Task requirements: Give again, exactly and without pictures, the lines running from the line with "Σετ Τραπεζάκια σαλονιού" to the end of the records below.

┄┄┄┄┄┄┄┄┄┄┄┄┄┄┄┄┄┄┄┄

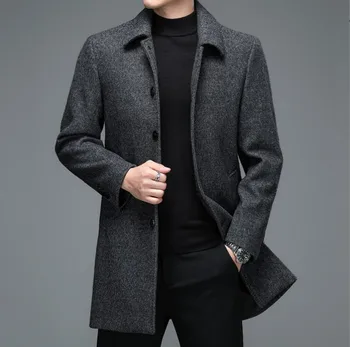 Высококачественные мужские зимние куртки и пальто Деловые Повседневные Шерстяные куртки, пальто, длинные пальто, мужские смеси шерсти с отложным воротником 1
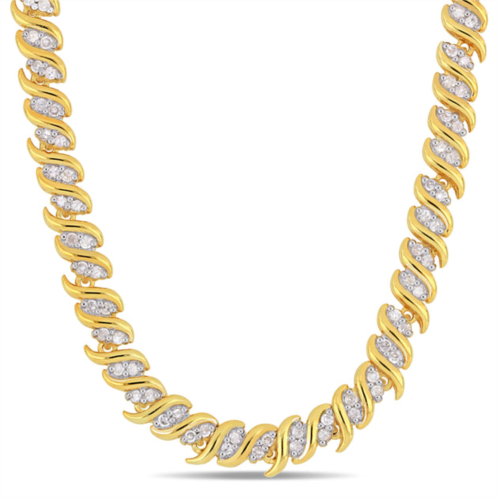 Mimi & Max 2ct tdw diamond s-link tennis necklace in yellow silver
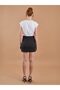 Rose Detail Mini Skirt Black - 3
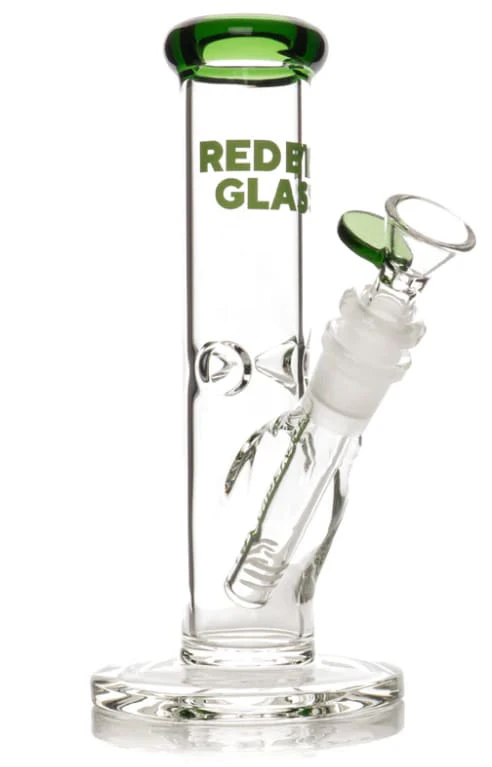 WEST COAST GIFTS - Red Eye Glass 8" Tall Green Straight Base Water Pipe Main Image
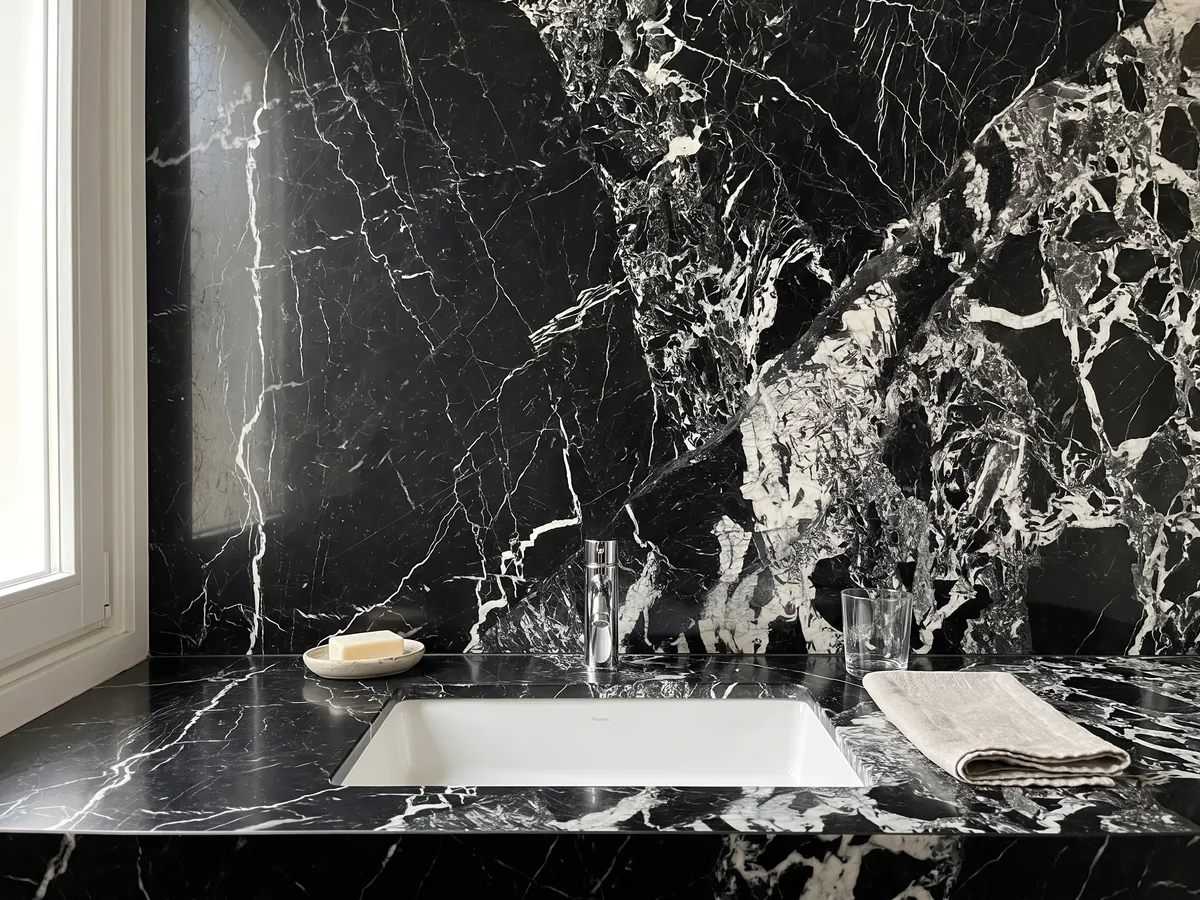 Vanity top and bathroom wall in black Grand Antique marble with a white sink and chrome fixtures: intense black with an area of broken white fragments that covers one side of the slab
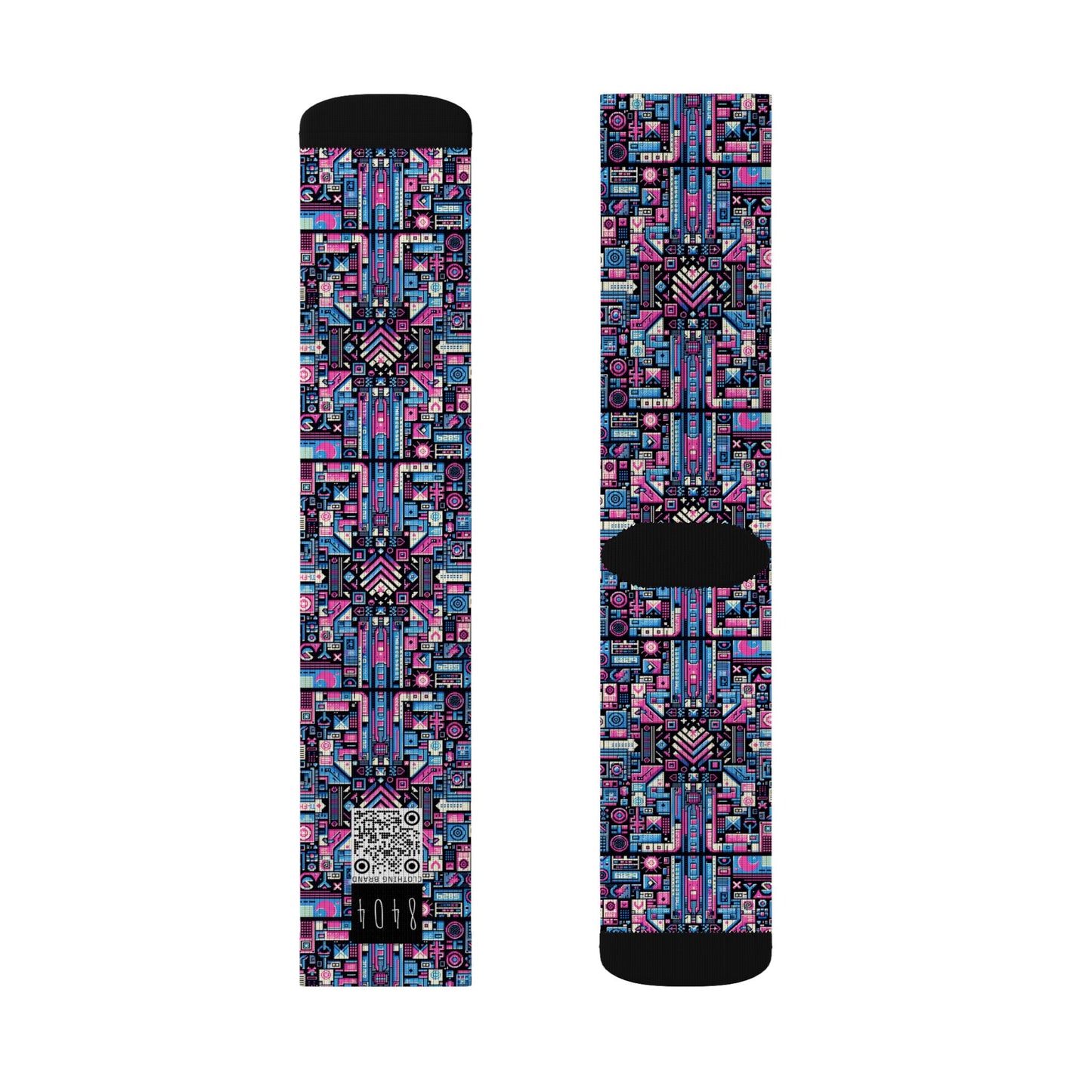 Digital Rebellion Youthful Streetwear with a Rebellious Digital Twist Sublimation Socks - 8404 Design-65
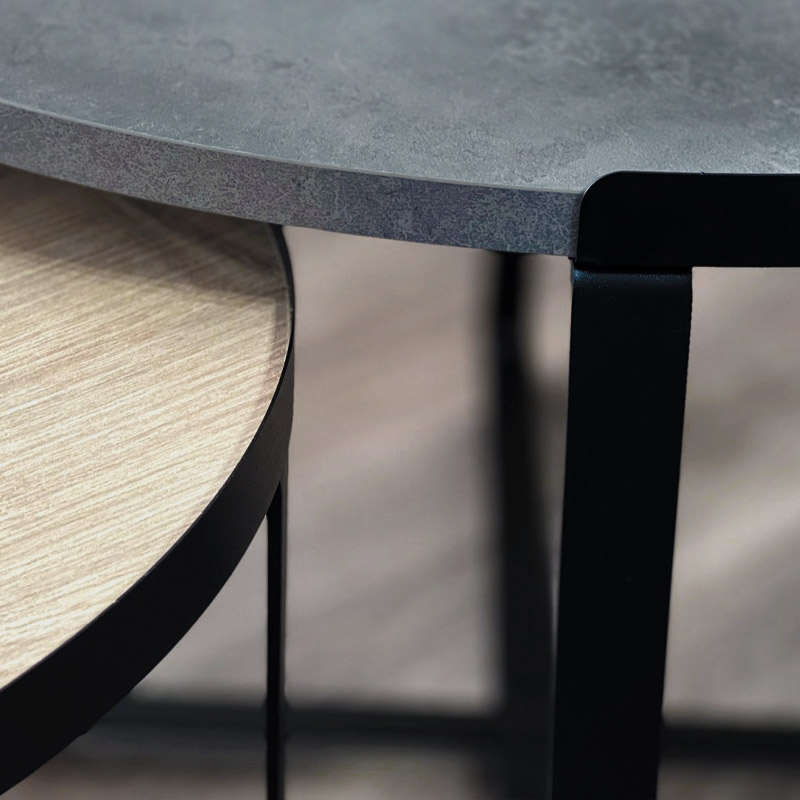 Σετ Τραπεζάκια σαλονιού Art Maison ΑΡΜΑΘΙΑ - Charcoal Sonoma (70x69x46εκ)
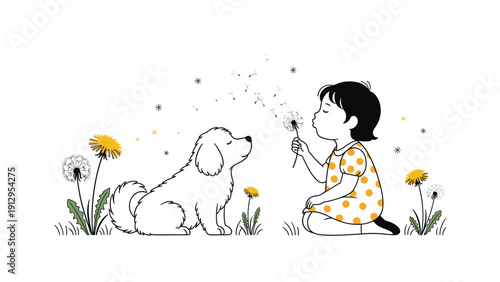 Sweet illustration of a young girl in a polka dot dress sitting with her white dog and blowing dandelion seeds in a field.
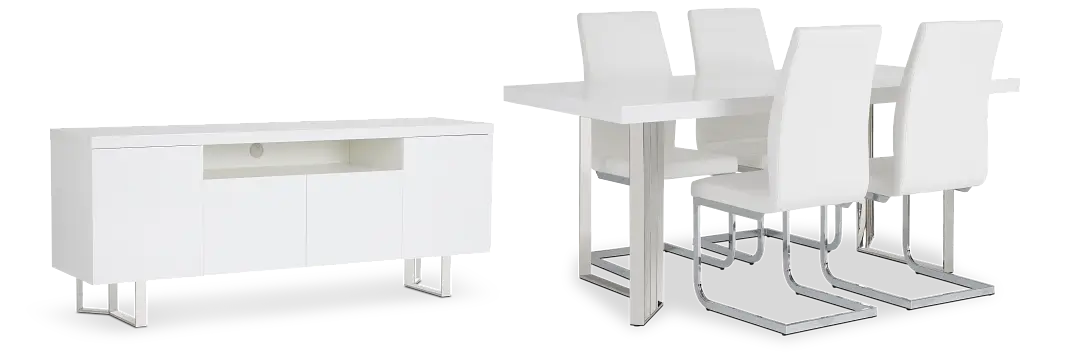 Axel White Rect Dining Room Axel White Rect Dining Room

┄┄┄┄┄┄┄┄┄┄┄┄┄┄┄┄┄┄┄┄

Exercise response:
 Σετ Τραπεζάκια σαλονιού Art Maison ΑΡΜΑΘΙΑ - Charcoal Sonoma (70x69x46εκ)
 Sweet illustration of a young girl in a polka dot dress sitting with her white dog and blowing dandelion seeds in a field.
 Axel White Rect Dining Room Axel White Rect Dining Room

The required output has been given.